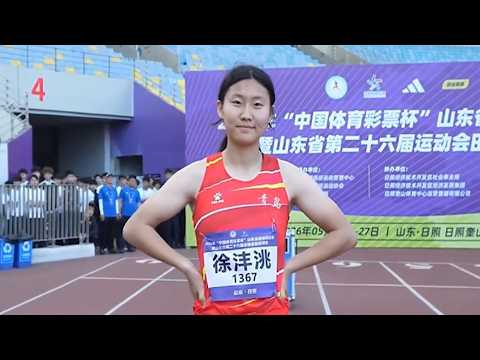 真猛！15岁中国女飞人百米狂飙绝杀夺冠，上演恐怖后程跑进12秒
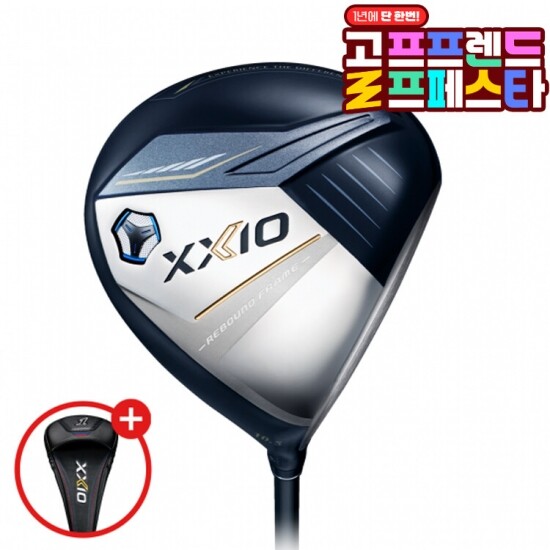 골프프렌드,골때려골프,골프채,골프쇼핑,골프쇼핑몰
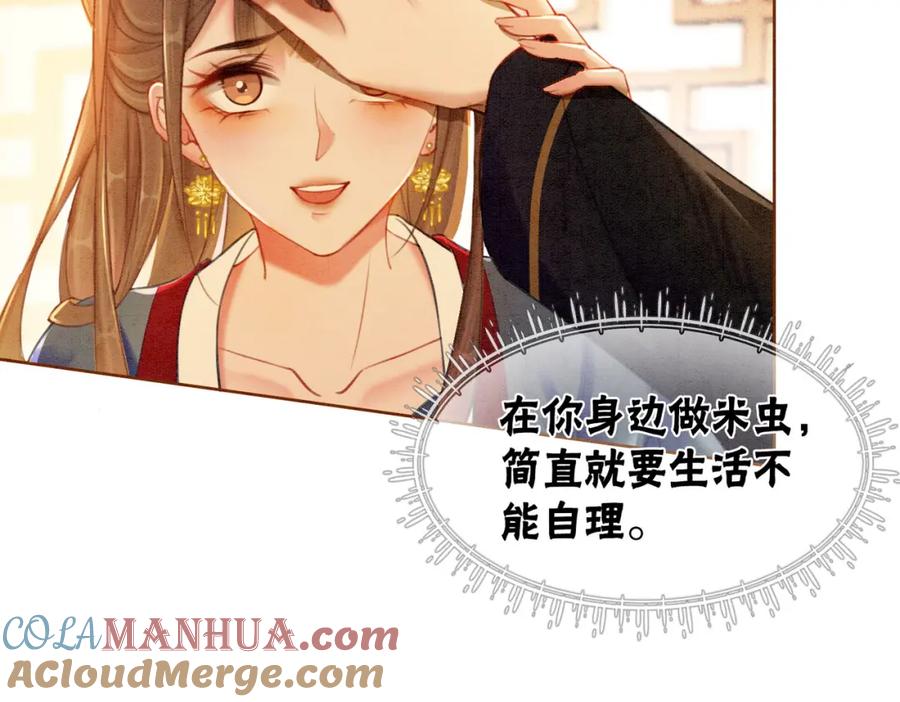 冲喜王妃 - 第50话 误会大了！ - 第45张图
...
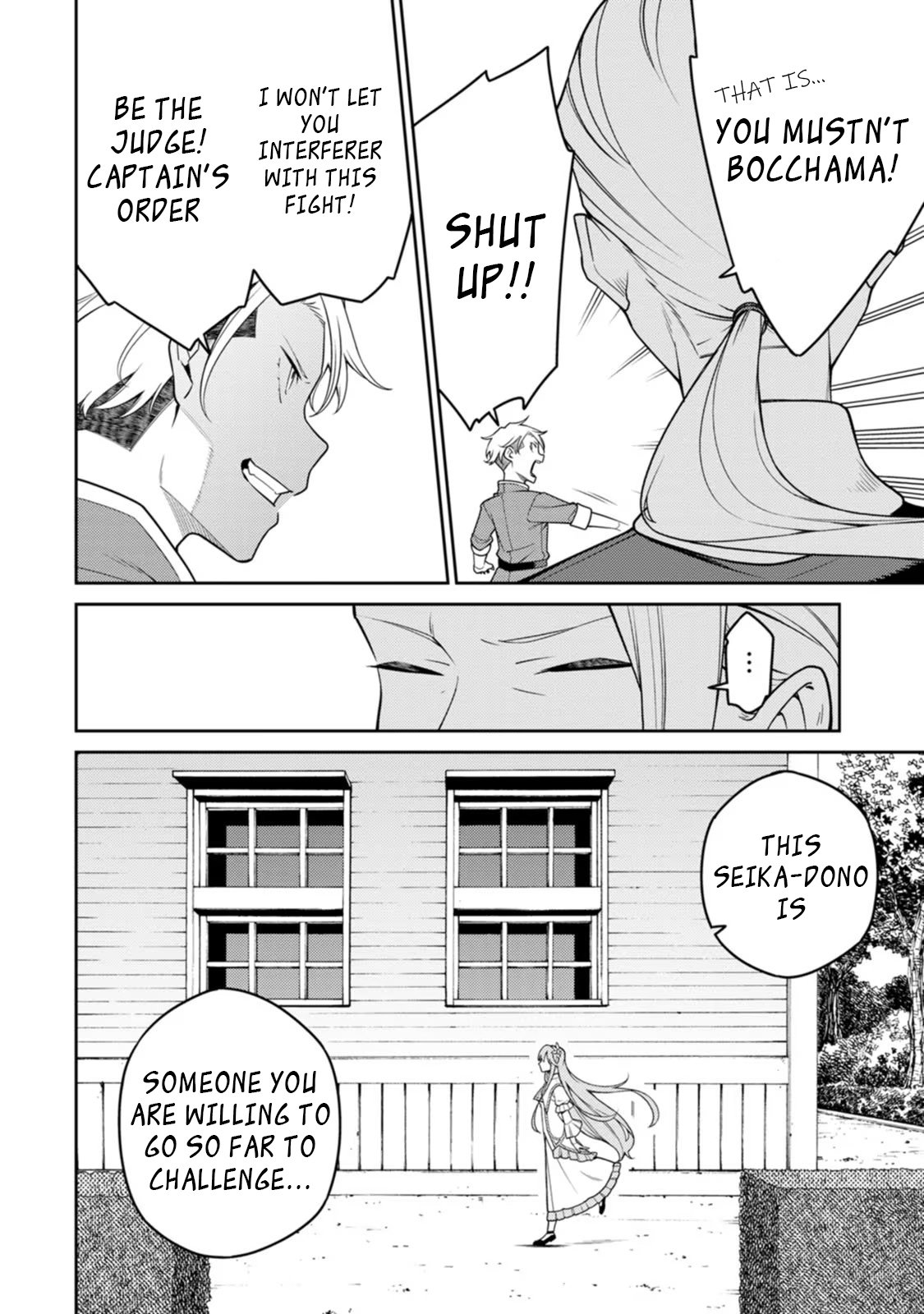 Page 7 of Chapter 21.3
--
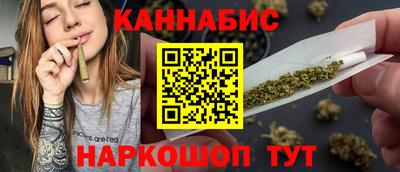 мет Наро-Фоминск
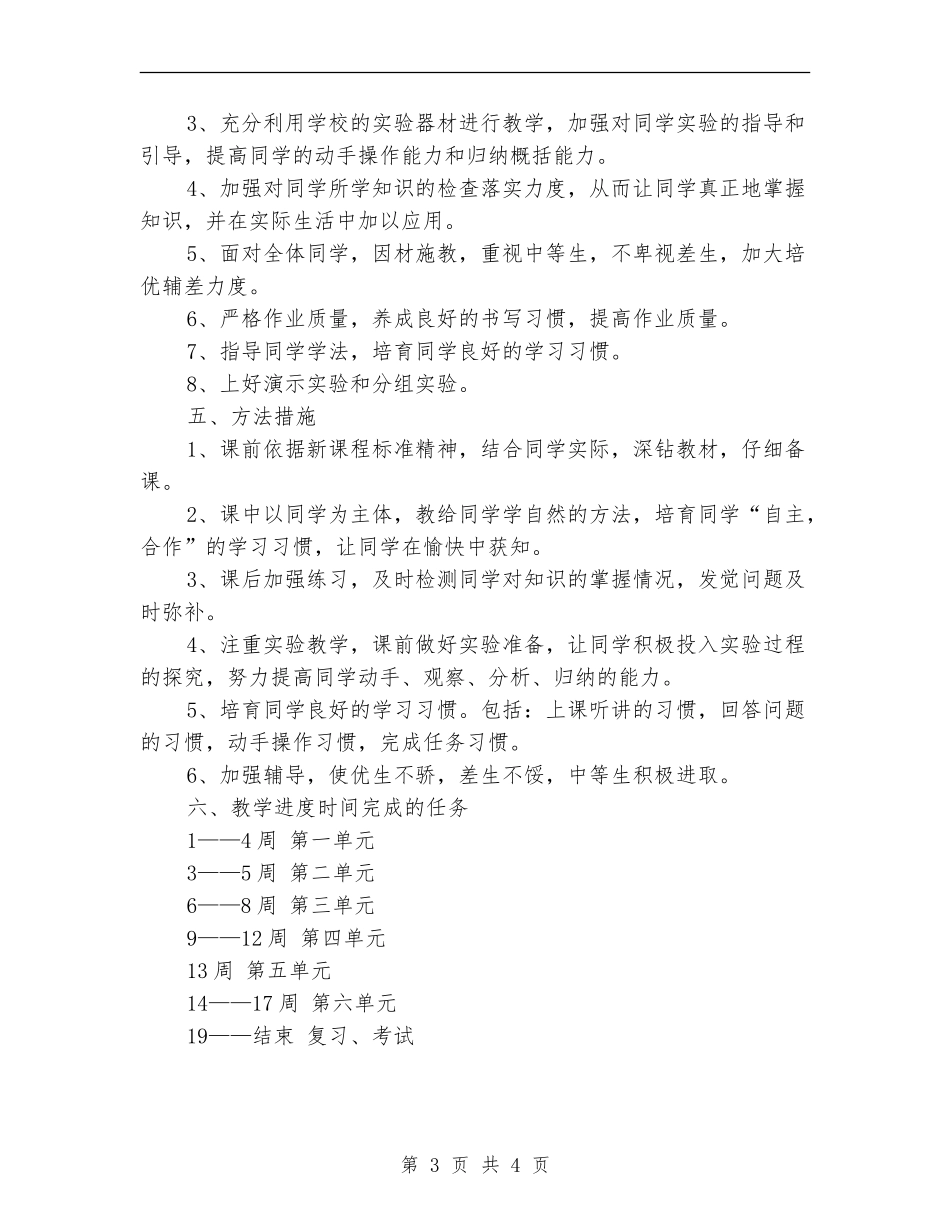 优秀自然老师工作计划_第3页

__Task goal__
A clean copy is needed of the lines above from the one with "真猛！15岁中国女飞人百米狂飙绝杀夺冠，上演恐怖后程跑进12秒" up to and including the one with "冲喜王妃 - 第50话 误会大了！ - 第45张图". Please set it down exactly, with no pictures.

__Task result__
 真猛！15岁中国女飞人百米狂飙绝杀夺冠，上演恐怖后程跑进12秒
 골프프렌드,골때려골프,골프채,골프쇼핑,골프쇼핑몰
 冲喜王妃 - 第50话 误会大了！ - 第45张图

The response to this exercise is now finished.